DAY eight and we awoke to a supposed heatwave. Temperatures unheard of. Been tearing through the news for weeks. 27 degrees.

Oh well, it was still quite clement (thanks to Bubba Watson for that synonym) when we all decided to go into the city for some last minute shopping for presents and what not.

My morning was decidedly ruined when I saw jeans for $20 that looked furtively like the pair I had bought the day before for $100, but I pushed through to get some shoes. Yay. Flagged a taxi to get home with minutes to spare. Yay again.

The reason we had to be home was because we had to get to Candlestick Park by 1:30pm.

We were about to experience the jungle that was American football, and there is nothing that compares. The stadium is a great concrete monolith that just sort of sits there and sweats dryness and throbs in the sun. Then stretching from its bases in all directions are barren asphalt plains, hot black desert covered by chunky metal SUVs, silver bull bars glistening. And between all this aching metal filters tiny little fleshy bodies, grunting and chanting and bellowing at each other, scratching themselves, exhaling ridiculous amounts of beer.
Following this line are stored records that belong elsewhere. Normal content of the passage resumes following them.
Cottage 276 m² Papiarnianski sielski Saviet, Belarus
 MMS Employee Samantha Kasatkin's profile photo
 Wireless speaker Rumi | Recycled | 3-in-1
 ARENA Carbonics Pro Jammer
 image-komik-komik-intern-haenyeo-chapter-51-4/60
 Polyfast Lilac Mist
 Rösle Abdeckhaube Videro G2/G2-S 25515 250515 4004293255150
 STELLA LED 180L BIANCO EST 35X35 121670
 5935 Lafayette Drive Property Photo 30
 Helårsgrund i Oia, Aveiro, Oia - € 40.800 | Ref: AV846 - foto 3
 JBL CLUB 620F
It was surreal, kind of like Mad Max’s Thunderdome, in its urban grunginess. It was a huge change from the yacht club, and subsequently everyone, though intimidated, was appreciative of the experience because it meant we had been to the two extremes of society, put out of our comfort zone so to speak. (Oddly, I felt far more at home at the football than I did at the Yacht Club, which shows the true subjectiveness of the term ''comfortable''.)

This has been a major theme of this trip actually, stretching and extending ourselves and learning about things that potentially opposed each other, Sven’s small-business to global corporations for example, which was done in order to give us a view of the whole spectrum of the corporate world, which was greatly appreciated because we were trusted to take the raw information and make the inferences ourselves, rather than being force-fed pre-determined ''life lessons'' and sagacious wisdom.

Tomorrow is our last day in the US, before 20 hours of travelling. Maybe that heatwave will send us off.

Maybe.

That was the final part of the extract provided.